The Spain national rugby league team represents Spain in the sport of rugby league football, running under the auspices of the Asociación Española de Rugby League.

History
The first international rugby league in Spain was played in the region of Catalonia in 2009, with a Catalonia national rugby league team playing several matches against European nations. However, desiring to represent only Catalonia and not the entirety of Spain, the Catalonia team was denied RLEF membership and disappeared from international competition shortly afterwards.

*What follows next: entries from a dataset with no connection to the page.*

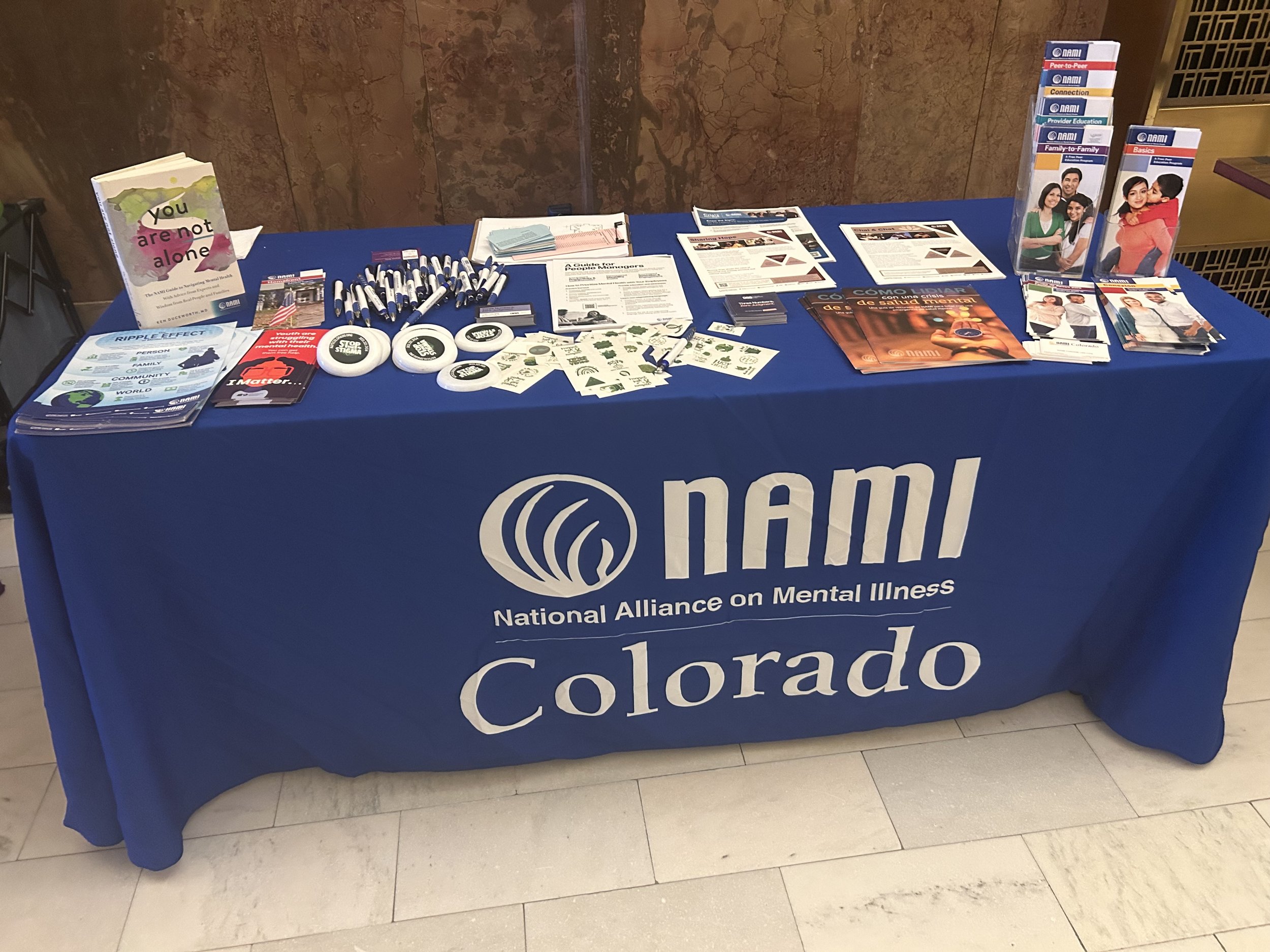 NAMI Colorado education and family-support resources on display.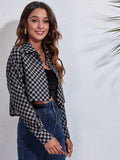 Button Down Printed Cropped Jacket - Trendsi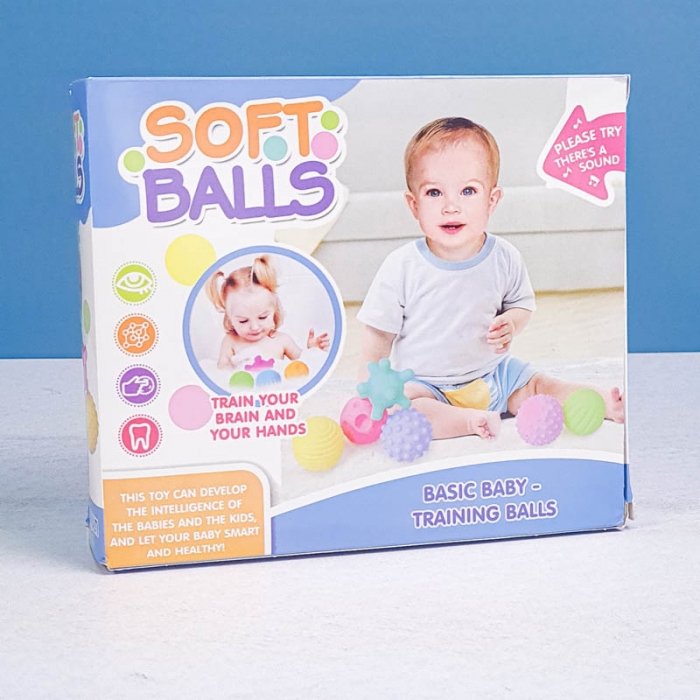 توپ حسی 6 عددی جغجغه ای رنگ پاستلی کد 1866W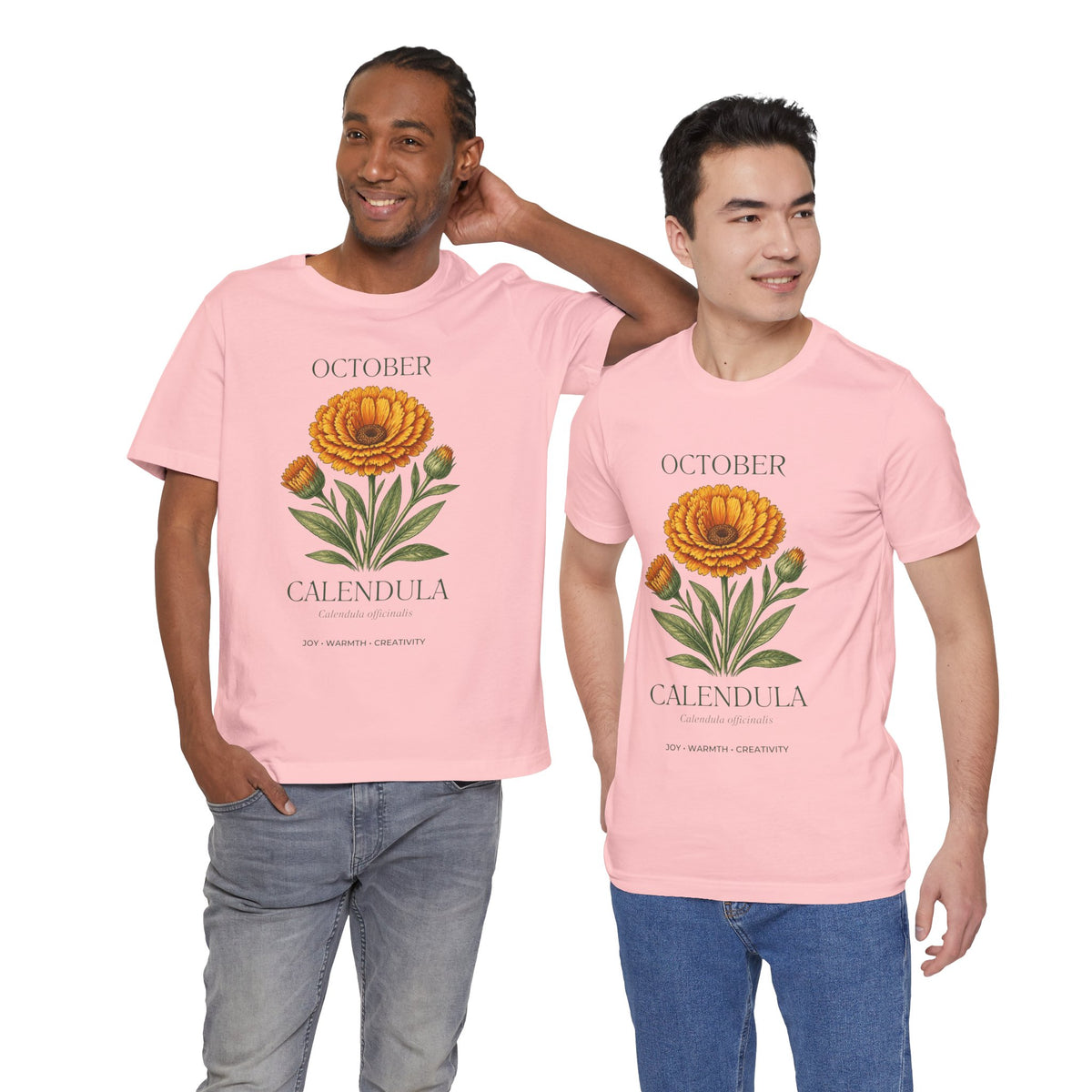 October Birth Flower Tee | Marigold & Cosmos Celestial Design | Birthday Gift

Rugby league in Spain began once again in 2013, with a national body (Asociación Española de Rugby League) being formed and admitted to the RLEF by the end of that year. The first Spanish domestic competition kicked off in 2013 with clubs based in the Valencian Community, and the national team played its first match on May 25, 2014, defeating Belgium in Brussels. The first captain was Aitor Davila and the first Spanish try at international level was scored by Gonzalo Morro.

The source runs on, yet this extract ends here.